= RECORDS PROVIDED =
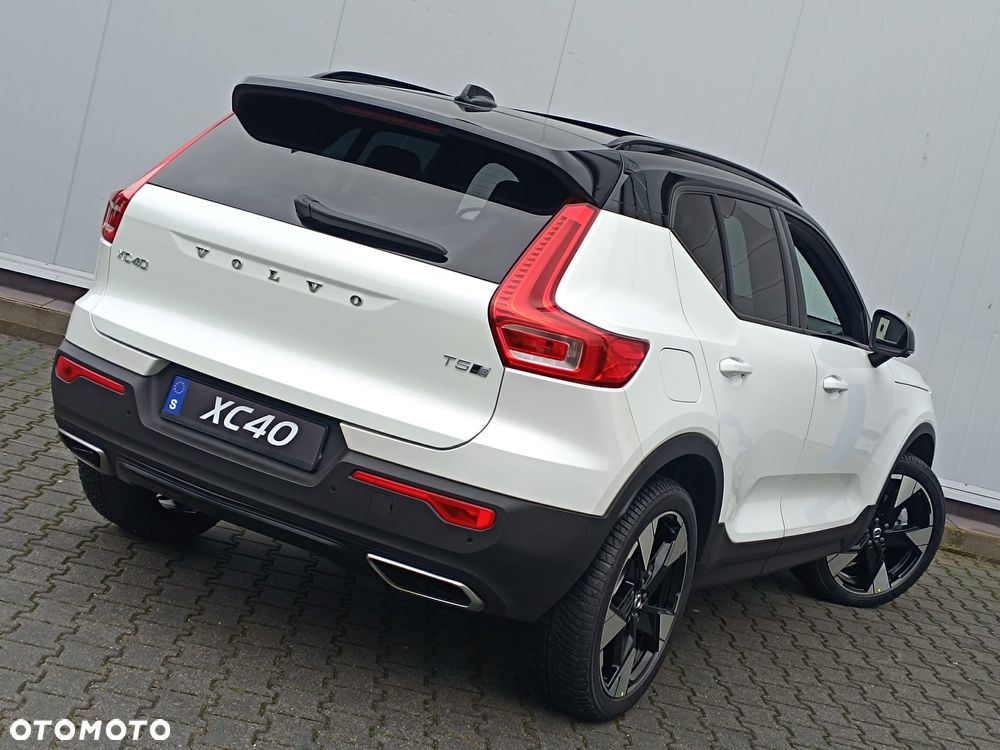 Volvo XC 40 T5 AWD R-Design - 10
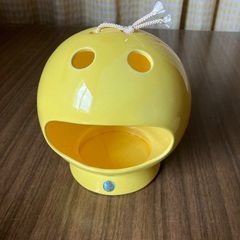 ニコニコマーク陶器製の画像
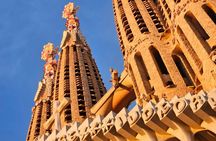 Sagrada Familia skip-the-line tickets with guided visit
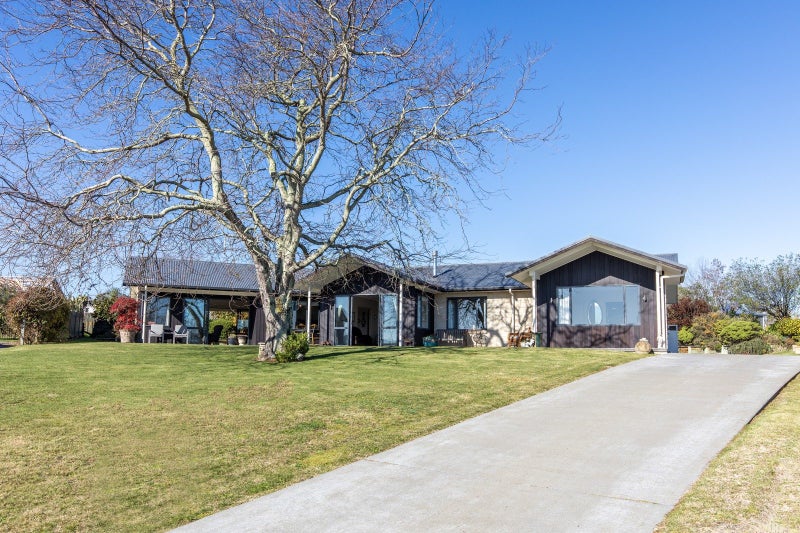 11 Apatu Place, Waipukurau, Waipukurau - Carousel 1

---

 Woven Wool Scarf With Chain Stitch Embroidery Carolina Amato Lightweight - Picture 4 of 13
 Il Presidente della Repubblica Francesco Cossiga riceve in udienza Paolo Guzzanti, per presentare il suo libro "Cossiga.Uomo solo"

= TASK DETAILS =
Please give back, exactly as it stands above, the stretch from the line with "Woven Wool Scarf" through the line with "Il Presidente della", and no line outside it.

= RESULT FOR THIS EXERCISE =
 Woven Wool Scarf With Chain Stitch Embroidery Carolina Amato Lightweight - Picture 4 of 13
 Il Presidente della Repubblica Francesco Cossiga riceve in udienza Paolo Guzzanti, per presentare il suo libro "Cossiga.Uomo solo"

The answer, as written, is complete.